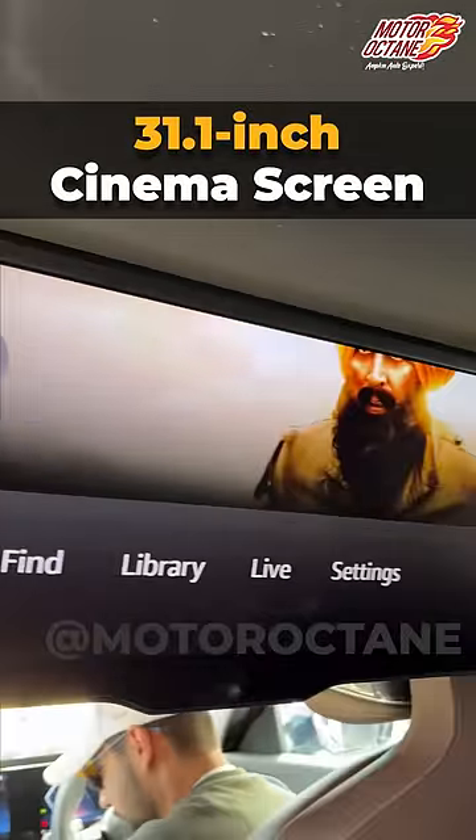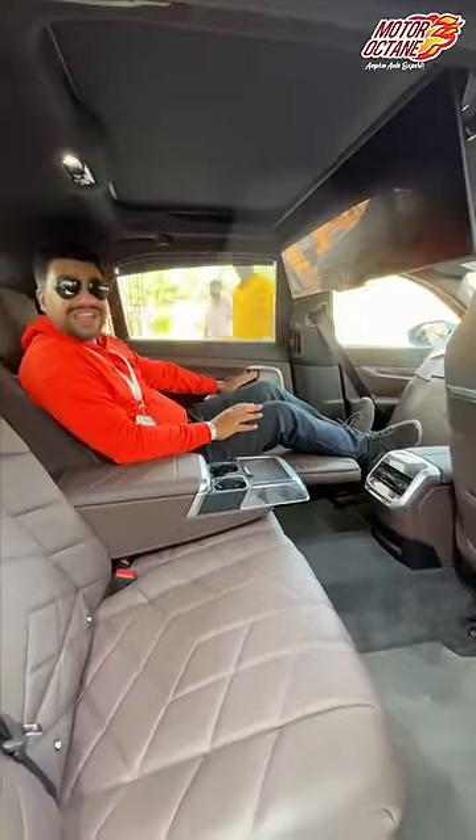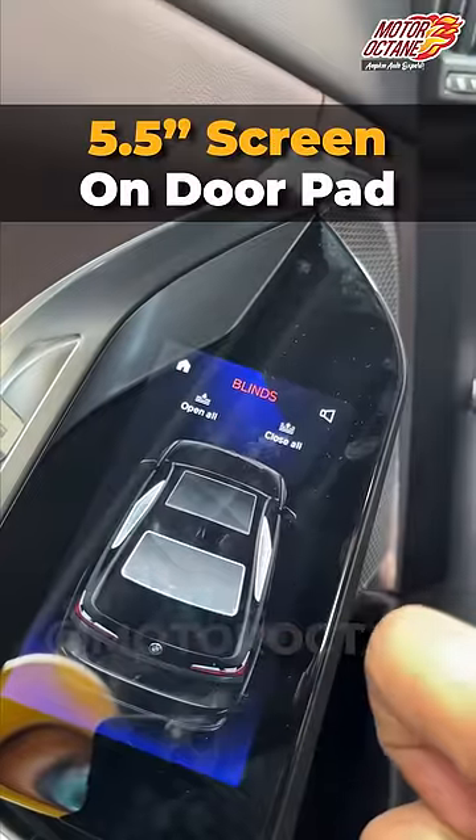What features does this come with? There is a lot of screen here. It's like a theater at the back. You have a seat and I can control everything through a display — there's a touchpad here.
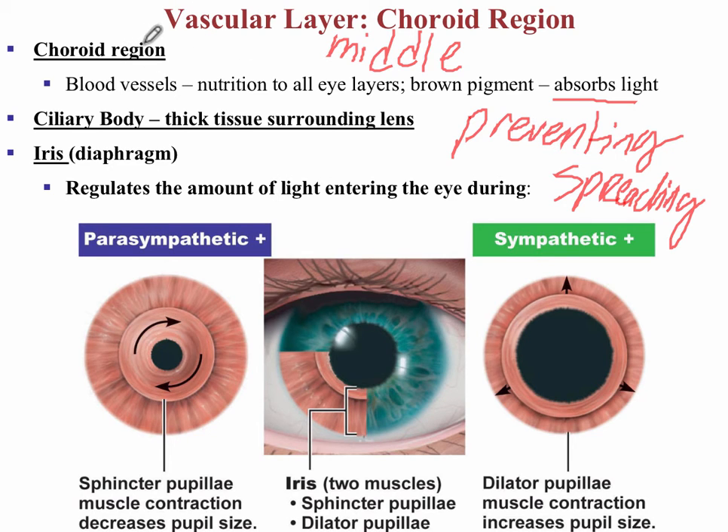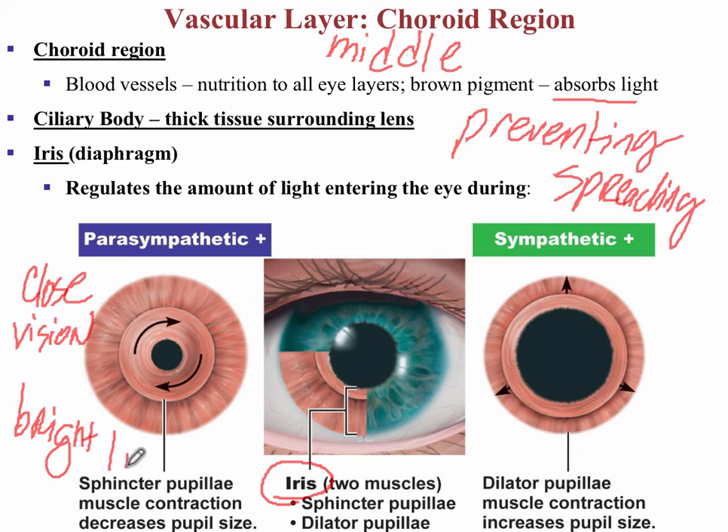The choroid becomes the ciliary body, and the ciliary process secretes fluid into the anterior segment, which is made up of the aqueous humor. The iris is not just for color — its most important job is that it's made up of two smooth muscles that respond to the parasympathetic and sympathetic nervous systems. The parasympathetic nervous system responds to close vision and bright light, causing pupil constriction. Conversely, in a dark room, the sympathetic division is activated and the pupils dilate, for distant vision and dim light.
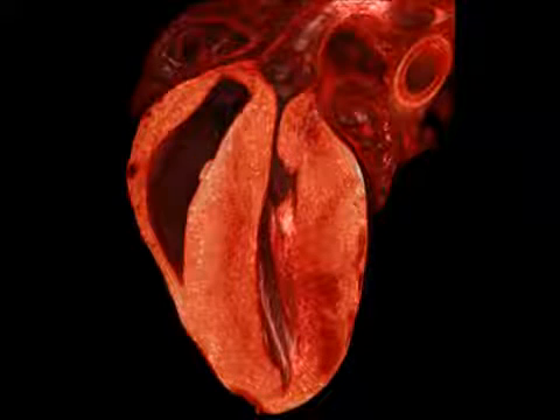This thickening of the heart can be seen in a cross section of the heart in one of the experimental mice. A normal heart is seen here for comparison.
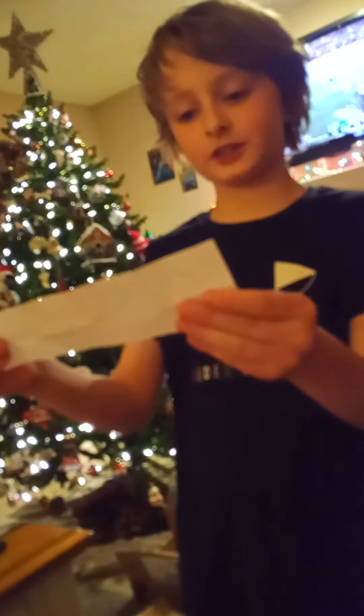Welcome back to Tripsand, and today we are doing a scavenger hunt for presents. This is the first clue, so let's open it. It says walk to the kitchen, and in the fridge you'll find your first clue. Okay, we are at the fridge, and I gotta look around for the next clue.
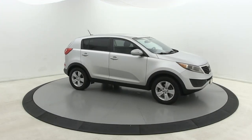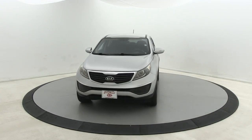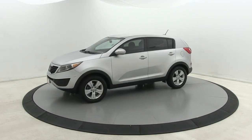Can you see yourself in the 2013 Kia Sportage? This vehicle is an outstanding buy with fewer than 120,000 miles on the odometer.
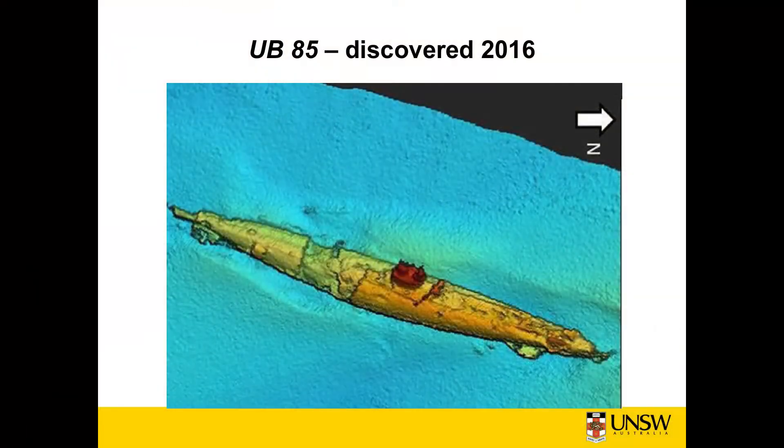This is a multi-beam sonar picture of UB85, which was discovered in 2016 by some oil rig workers. This gives you the sort of look at what you can see from a multi-beam sonar.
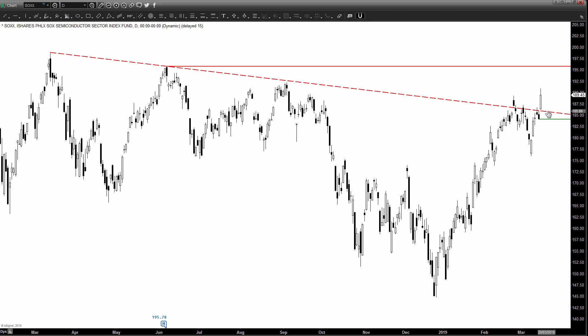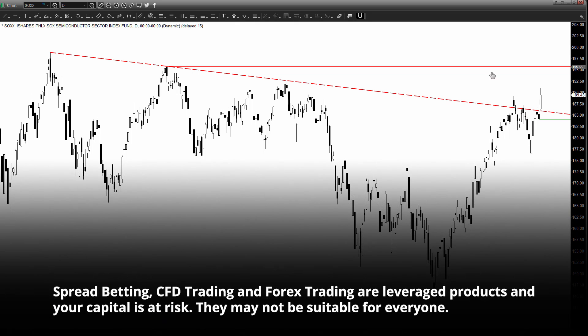If the 184.10 support holds, the SOX may see a further push up to test the next resistance at 195.78, which is the 7th of June 2018 swing high and also its 52-week high.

+++

* _What you will do_
From the line containing "Welcome back to" down to the final line of the records above, restate every line word for word, add nothing, and skip the pictures.

* _Answer_
Welcome back to Tripsand, and today we are doing a scavenger hunt for presents. This is the first clue, so let's open it. It says walk to the kitchen, and in the fridge you'll find your first clue. Okay, we are at the fridge, and I gotta look around for the next clue.
Can you see yourself in the 2013 Kia Sportage? This vehicle is an outstanding buy with fewer than 120,000 miles on the odometer.
This is a multi-beam sonar picture of UB85, which was discovered in 2016 by some oil rig workers. This gives you the sort of look at what you can see from a multi-beam sonar.
If the 184.10 support holds, the SOX may see a further push up to test the next resistance at 195.78, which is the 7th of June 2018 swing high and also its 52-week high.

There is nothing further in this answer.